Does anyone else have some of these guys? I am hoping I can get them to spawn.


----------



## Claudia (Apr 21, 2010)

They are real nice, I like cories myself


----------



## Emily (May 4, 2010)

Thanks! Yes they caught my eye immediately and I was lucky enough to have an empty, cycled tank at home they could move into.


----------



## Sploosh (Nov 19, 2012)

Very nice cories  Good luck with getting them to spawn for you


----------



## Emily (May 4, 2010)

Thanks, hopefully they will. Worst case if they don't I still have some pretty catfish to enjoy  Now, I think *you* should go get some..... They would look really good in the 33g


----------



## jobber (May 14, 2010)

Great pics Emily and nice specimens. 
Hope you can get some videos of them enjoying their new surroundings.


----------



## Sploosh (Nov 19, 2012)

Emily said:


> Thanks, hopefully they will.

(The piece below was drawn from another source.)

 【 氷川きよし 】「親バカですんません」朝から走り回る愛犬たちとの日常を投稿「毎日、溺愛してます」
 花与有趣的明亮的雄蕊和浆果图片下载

Worst case if they don't I still have some pretty catfish to enjoy  Now, I think *you* should go get some..... They would look really good in the 33g


I actually just added a new dwarf loach to the tank, so no more space for bottom feeders (will be adding at least 2 more )


----------



## bonsai dave (Apr 21, 2010)

cool cories where did you get them ? I could use a few more coires in my wife's tank.


----------



## TigerOscar (Sep 10, 2012)

pic of the loach please


----------



## TigerOscar (Sep 10, 2012)

Teresa wants to know the common name of the corys.........


----------



## Sploosh (Nov 19, 2012)

TigerOscar said:


> pic of the loach please


You can find it here (don't want to be a thread hijacker ) last post
http://www.bcaquaria.com/forum/tank-journals-16/33g-tank-journal-34802/index4.html



TigerOscar said:


> Teresa wants to know the common name of the corys.........

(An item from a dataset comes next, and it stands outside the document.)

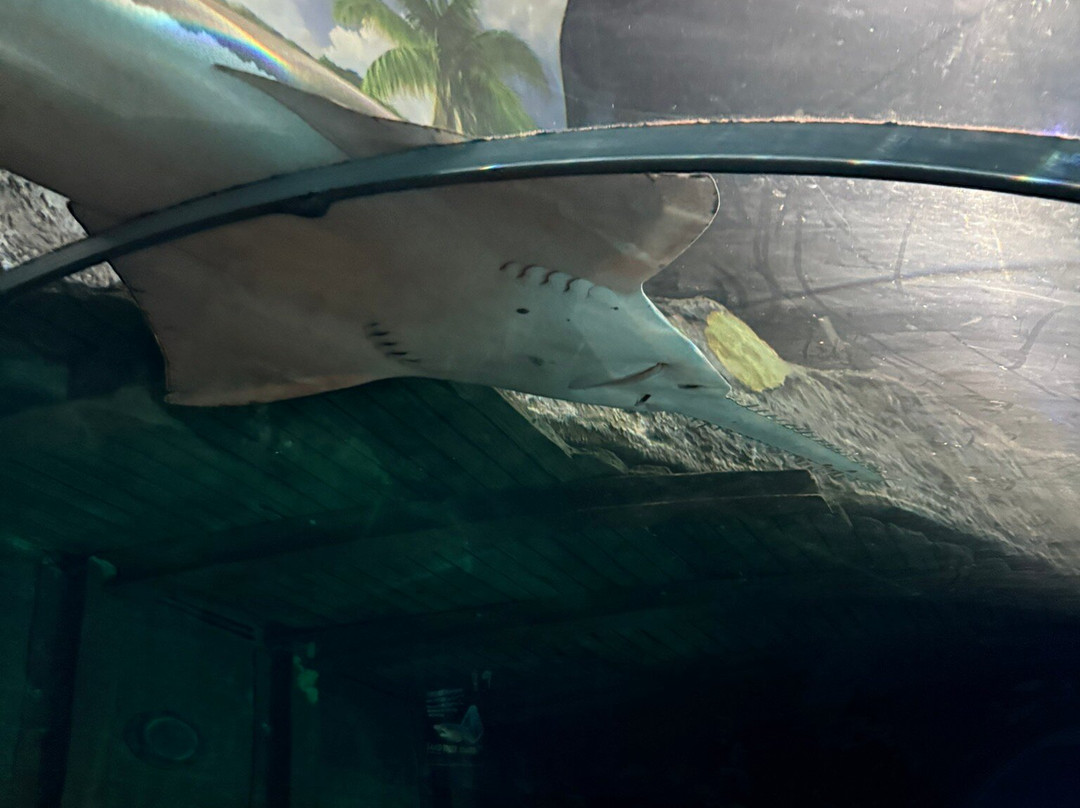 莱利大烟山水族馆-盖林柏格必去景点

I believe they are called "fairy cories"


----------



## Emily (May 4, 2010)

jobber said:


> Great pics Emily and nice specimens.
> Hope you can get some videos of them enjoying their new surroundings.


I'll get on that 



bonsai dave said:


> cool cories where did you get them ?


They are from Pet Boutique on Marine Drive at Fell Ave. He had quite a few left still but I might be back so.... 



TigerOscar said:


> Teresa wants to know the common name of the corys.........


As Sploosh mentioned, they are called fairy corys. Very cute, they would look great in her tank I bet...


----------



## bonsai dave (Apr 21, 2010)

I have been there a few time in the last couple of weeks and I didn't notice them. I guess I would have to take a trip there tomorrow....


----------



## Maggie May (Jan 19, 2013)

Hey Emily,
Thanks again for the plants! I love the fairy corys. I just bought 3 panda corys. When the tank is a little more established I will look for the fairy corys. I think I am adding too many fish too soon.


----------



## Emily (May 4, 2010)

Maggie May said:


> Hey Emily,
> Thanks again for the plants! I love the fairy corys. I just bought 3 panda corys. When the tank is a little more established I will look for the fairy corys. I think I am adding too many fish too soon.


Hey, welcome to BCA! I am glad you like the plants and congrats on the new fish. Was the tank already cycled or is it now cycling? You could grab some filter media off someone to seed it and speed up the process if you want to be able to add more fish


----------



## rickwaines (Jan 2, 2011)

those are beautiful corrydoras indeed.


----------